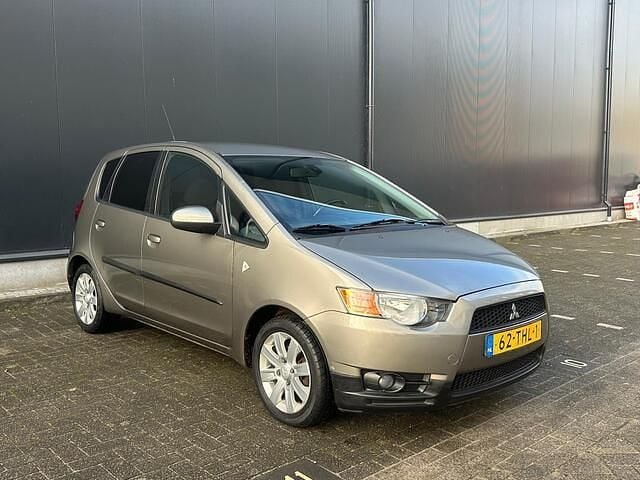 Grijs Gebruikt 2012 Mitsubishi Colt Edition Hatchback | € 5.795 (Eerlijke prijs) - Afbeelding 1/4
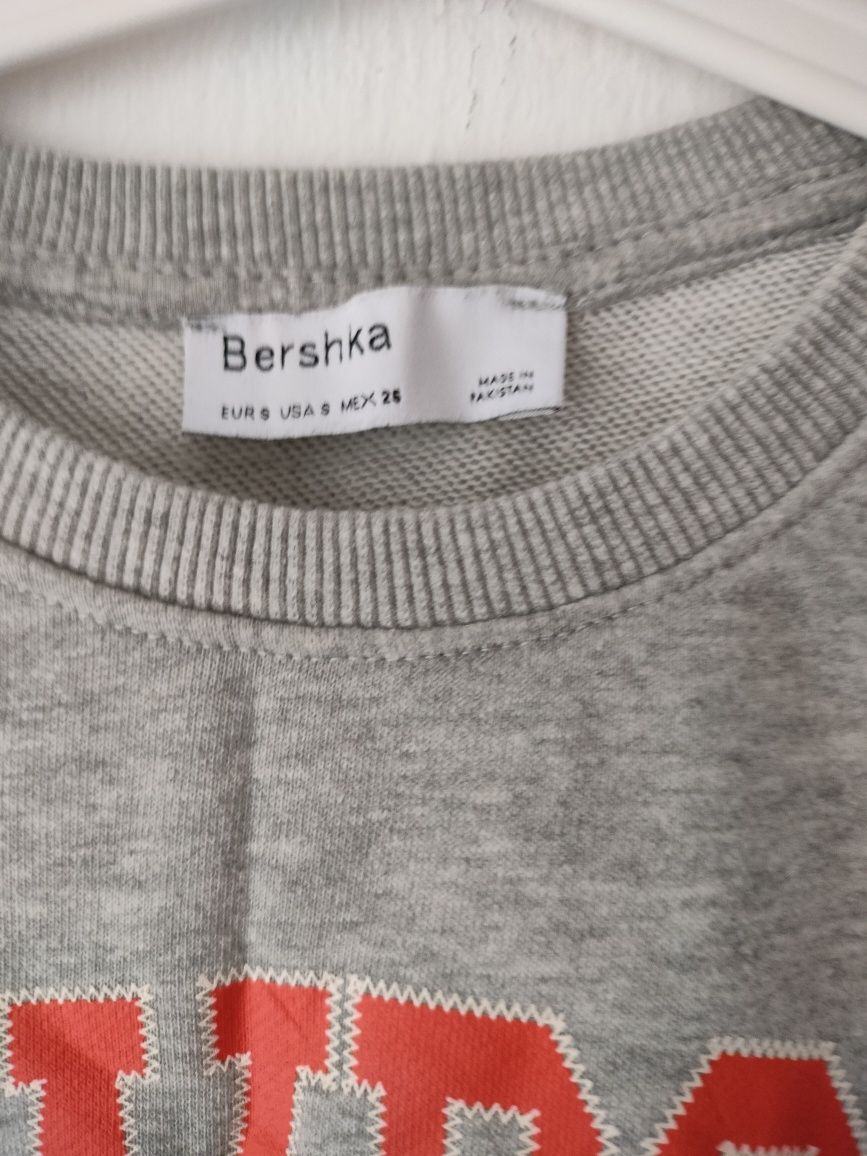 Crop top Bershka t-shirt oversize krotki
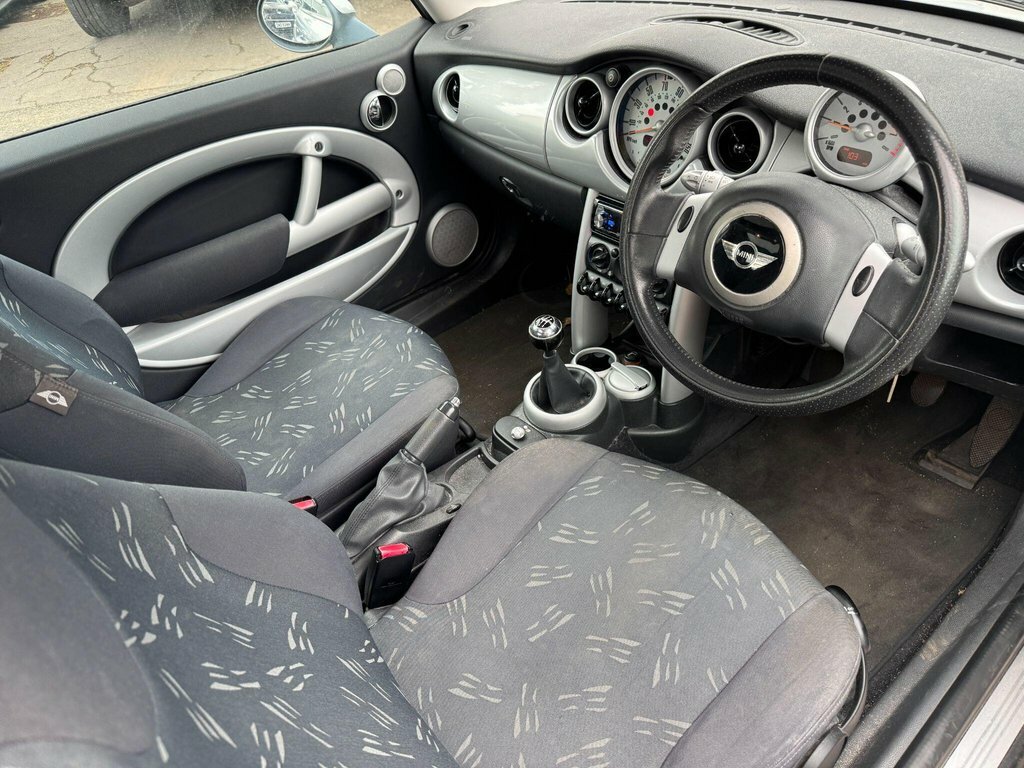 Mini Hatch One 3-Door Black #9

——————

» **What is needed**:
Print every line of the listing exactly, please, and leave the images out.

» **Completed task**:
 Grijs Gebruikt 2012 Mitsubishi Colt Edition Hatchback | € 5.795 (Eerlijke prijs) - Afbeelding 1/4
 Crop top Bershka t-shirt oversize krotki
 Mini Hatch One 3-Door Black #9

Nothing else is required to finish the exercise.